Knight and his wife were also illustrators of children's books, and often collaborated. He wrote and illustrated a few We Were There books, which were historical novels for children. This particular series was written as a fictional retelling of a historical event, featuring kids as the primary characters. He wrote and illustrated, We Were There...at the Normandy Invasion, We Were There...with the Lafayette Escadrille, and We Were There...at the Battle of Britain, the latter written with his wife. Both Knight and his wife were illustrators for the P. F. Volland Company, most known for publishing children's books. Knight's children's book, The Non-Stop Stowaway: The Story of a Long Distance Flight (1928) was published under the Buzza Company imprint.

Knight was the author, co-author, and/or illustrator of many other books including:
- War Birds: Diary of an Unknown Aviator (1926)
- The Red Knight of Germany: The Story of Baron von Richthofen (1927)
- Pilot's Luck (1929)
- Ships Aloft: A Construction Book for Future Flyers (1936)
- Quest of the Golden Condor (1945)
- Secret of the Buried Tomb (1948)
- Skyroad to Mystery (1949)
- Hitch your Wagon-Bernt Balchen (1950)
- The Story of Flight (1954)
- Normandy Invasion (1956)
- Lifeline in the Sky- MATS (1957)
- Plane Crash (1958)
- Battle of Britain (1959)
- About our Armed Forces (1959)
- The How and Why Book of Rockets and Missiles (1960)
- Layfayette Escadrille (1961)
- Rockets, Missiles and Satellites (1962)

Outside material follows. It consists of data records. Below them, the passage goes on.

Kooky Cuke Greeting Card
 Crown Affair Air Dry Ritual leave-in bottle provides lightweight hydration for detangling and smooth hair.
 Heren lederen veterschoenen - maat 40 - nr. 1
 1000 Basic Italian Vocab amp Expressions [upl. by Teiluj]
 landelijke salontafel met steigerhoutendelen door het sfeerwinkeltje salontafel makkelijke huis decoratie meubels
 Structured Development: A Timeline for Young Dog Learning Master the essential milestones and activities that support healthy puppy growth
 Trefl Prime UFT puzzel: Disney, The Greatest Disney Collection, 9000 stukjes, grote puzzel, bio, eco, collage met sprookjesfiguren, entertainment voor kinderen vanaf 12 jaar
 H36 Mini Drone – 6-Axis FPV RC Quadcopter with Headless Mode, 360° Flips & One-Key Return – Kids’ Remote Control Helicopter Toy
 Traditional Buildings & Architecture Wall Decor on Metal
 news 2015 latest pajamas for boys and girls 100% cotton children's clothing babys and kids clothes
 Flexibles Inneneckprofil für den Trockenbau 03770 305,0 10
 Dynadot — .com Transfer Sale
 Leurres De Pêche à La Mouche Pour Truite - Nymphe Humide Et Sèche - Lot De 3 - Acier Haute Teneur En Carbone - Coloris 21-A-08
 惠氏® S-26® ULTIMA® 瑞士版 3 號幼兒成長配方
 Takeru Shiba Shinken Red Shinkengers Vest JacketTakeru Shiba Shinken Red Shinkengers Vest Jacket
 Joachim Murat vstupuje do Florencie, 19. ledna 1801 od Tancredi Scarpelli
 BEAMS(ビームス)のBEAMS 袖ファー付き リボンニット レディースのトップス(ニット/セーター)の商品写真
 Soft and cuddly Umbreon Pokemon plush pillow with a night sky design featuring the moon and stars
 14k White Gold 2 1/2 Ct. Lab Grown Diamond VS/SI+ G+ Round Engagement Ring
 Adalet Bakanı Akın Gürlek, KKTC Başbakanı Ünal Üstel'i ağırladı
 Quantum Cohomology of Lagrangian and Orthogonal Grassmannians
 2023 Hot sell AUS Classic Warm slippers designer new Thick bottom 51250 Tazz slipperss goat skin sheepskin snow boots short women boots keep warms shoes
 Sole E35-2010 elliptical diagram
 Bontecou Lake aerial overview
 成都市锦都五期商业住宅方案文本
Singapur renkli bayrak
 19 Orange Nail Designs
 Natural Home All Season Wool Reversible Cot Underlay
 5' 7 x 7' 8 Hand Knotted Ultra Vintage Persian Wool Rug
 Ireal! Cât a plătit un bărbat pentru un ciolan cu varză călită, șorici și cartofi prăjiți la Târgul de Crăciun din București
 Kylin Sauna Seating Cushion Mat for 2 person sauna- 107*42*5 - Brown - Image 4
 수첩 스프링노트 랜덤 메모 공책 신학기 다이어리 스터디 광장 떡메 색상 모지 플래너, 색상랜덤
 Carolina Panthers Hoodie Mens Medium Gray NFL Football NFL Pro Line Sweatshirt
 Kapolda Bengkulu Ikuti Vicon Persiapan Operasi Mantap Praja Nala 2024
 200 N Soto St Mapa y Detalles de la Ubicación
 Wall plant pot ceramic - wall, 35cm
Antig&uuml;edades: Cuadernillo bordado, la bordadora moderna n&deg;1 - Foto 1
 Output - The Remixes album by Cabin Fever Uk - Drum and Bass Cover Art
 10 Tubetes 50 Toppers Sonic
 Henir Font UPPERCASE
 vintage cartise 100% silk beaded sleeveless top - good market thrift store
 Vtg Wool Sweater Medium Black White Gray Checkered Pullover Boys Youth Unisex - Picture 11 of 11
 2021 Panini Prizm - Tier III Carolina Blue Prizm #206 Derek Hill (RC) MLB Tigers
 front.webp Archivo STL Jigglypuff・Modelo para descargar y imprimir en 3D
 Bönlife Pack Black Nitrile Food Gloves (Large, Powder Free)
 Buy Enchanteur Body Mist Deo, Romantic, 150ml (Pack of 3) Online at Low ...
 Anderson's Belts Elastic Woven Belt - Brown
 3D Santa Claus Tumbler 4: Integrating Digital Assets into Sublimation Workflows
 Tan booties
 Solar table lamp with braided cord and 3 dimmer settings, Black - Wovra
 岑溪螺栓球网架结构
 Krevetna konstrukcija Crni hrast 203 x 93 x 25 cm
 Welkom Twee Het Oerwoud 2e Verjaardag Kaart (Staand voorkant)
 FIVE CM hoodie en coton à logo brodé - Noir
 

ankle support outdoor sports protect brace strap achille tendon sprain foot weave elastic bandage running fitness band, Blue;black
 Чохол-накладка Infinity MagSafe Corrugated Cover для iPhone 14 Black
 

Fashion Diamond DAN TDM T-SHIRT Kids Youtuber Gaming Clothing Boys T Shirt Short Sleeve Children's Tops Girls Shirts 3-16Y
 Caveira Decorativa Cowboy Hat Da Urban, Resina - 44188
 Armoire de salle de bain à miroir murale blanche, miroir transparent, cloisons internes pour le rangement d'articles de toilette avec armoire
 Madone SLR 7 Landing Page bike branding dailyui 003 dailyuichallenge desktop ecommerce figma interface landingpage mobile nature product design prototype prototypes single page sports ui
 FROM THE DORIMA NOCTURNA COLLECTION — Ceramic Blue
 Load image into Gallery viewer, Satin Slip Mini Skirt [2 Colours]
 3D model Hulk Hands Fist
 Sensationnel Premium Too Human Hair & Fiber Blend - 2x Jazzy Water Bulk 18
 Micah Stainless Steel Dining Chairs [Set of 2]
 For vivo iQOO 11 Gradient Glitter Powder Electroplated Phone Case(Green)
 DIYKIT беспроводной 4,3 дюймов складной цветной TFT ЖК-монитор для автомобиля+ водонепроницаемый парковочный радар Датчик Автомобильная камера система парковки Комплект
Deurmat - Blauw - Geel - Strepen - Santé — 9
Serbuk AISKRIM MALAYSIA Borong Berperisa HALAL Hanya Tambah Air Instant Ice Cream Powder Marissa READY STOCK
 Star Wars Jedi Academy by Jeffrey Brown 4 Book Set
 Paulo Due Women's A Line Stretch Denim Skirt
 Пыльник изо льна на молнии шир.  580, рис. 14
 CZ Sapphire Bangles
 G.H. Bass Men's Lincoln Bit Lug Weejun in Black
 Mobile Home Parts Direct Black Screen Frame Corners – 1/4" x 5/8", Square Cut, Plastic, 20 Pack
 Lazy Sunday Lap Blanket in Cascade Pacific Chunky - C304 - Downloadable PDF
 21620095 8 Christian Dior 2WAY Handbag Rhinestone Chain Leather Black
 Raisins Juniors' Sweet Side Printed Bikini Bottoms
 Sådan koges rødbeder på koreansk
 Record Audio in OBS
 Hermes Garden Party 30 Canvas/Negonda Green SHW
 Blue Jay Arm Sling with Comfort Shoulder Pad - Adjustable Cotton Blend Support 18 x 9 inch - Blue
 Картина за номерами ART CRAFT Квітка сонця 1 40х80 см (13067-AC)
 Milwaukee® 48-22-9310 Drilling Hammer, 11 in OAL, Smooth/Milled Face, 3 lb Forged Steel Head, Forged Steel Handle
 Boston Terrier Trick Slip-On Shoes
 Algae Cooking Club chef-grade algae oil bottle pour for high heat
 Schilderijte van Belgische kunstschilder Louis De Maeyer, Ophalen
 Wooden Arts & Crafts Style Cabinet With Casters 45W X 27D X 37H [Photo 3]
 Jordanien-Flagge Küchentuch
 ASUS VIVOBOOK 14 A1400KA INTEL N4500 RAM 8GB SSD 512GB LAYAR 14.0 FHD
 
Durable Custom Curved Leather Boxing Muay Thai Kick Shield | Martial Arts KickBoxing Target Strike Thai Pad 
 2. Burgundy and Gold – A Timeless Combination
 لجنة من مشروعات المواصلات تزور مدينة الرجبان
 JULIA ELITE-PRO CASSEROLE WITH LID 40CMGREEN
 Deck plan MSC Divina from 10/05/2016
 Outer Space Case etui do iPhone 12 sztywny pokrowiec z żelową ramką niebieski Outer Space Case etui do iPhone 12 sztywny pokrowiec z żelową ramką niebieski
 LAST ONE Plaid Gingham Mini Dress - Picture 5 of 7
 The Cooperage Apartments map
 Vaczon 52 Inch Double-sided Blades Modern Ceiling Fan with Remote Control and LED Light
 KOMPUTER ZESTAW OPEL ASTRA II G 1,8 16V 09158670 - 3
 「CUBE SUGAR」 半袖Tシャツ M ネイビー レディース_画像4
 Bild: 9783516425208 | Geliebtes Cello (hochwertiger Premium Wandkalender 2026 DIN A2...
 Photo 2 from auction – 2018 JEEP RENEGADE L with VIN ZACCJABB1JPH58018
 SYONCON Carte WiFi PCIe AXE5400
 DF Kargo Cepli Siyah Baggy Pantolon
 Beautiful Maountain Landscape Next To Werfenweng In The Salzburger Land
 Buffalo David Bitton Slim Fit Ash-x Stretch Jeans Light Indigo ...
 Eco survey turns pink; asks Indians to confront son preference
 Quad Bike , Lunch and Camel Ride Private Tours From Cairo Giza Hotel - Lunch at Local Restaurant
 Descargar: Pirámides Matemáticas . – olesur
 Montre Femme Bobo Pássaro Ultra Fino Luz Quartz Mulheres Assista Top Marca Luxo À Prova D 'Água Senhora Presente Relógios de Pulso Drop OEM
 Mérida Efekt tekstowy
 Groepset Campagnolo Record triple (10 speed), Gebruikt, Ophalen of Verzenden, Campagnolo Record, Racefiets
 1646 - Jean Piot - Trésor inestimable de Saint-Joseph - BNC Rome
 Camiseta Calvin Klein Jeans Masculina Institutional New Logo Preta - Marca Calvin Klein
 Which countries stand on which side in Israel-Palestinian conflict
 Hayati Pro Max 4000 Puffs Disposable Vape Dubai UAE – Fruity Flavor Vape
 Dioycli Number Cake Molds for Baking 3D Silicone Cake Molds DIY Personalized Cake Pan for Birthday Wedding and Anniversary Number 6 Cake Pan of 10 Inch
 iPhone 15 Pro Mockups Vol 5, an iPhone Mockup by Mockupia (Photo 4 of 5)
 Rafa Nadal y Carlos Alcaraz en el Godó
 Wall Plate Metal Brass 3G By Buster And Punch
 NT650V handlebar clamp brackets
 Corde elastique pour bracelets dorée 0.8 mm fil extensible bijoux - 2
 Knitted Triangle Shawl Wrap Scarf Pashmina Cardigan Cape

===Clayton Knight Committee===

Knight formed The Clayton Knight Committee in 1940 with Billy Bishop. Knight was living in Greenwich Village at the time. Its mission was to bring Americans to Canada in order to prepare and fight for the Allies during the time of U.S. neutrality. The committee was funded by Homer Smith, and assisted by pro-war German émigrés. Essentially it worked as a secret and illegal recruitment company. From 1939 to 1942, Knight's "job" was "Special Correspondent for the Associated Press." This was a cover for his main job, working for The Clayton Knight Committee. Bishop spent most of 1940 in London with Winston Churchill, which meant Knight had to set up office and find new partners during this time. Their original headquarters was in the Waldorf-Astoria Hotel in New York. It eventually expanded to Spokane, San Francisco, Los Angeles, Dallas, Kansas City, Cleveland, Atlanta, Memphis, and San Antonio.

===Later years===
The Clayton Knight Committee was terminated in May 1942. Between 1943 and 1945, Knight was an official artist for the United States Army Air Forces in Alaska, the Aleutian Islands, and the Central Pacific. He worked also as an historian. His original artwork, personal diaries, and documents from the wars are held in the Air Force University Library and Historical Branch. Additionally, some of his papers are held by the University of Southern Mississippi's de Grummond Children's Literature Collection.

On July 10, 1946, he was made an Officer of the Order of the British Empire (OBE) for his service to England in World War I and World War II.

==Personal life==
Knight's wife was Katherine Sturges Dodge, a fellow illustrator, artist, and designer. They had two sons, Clayton Joseph and Hilary Knight, who is the illustrator of the Eloise series of children's books.

Clayton Knight died on July 17, 1969, in Danbury, Connecticut.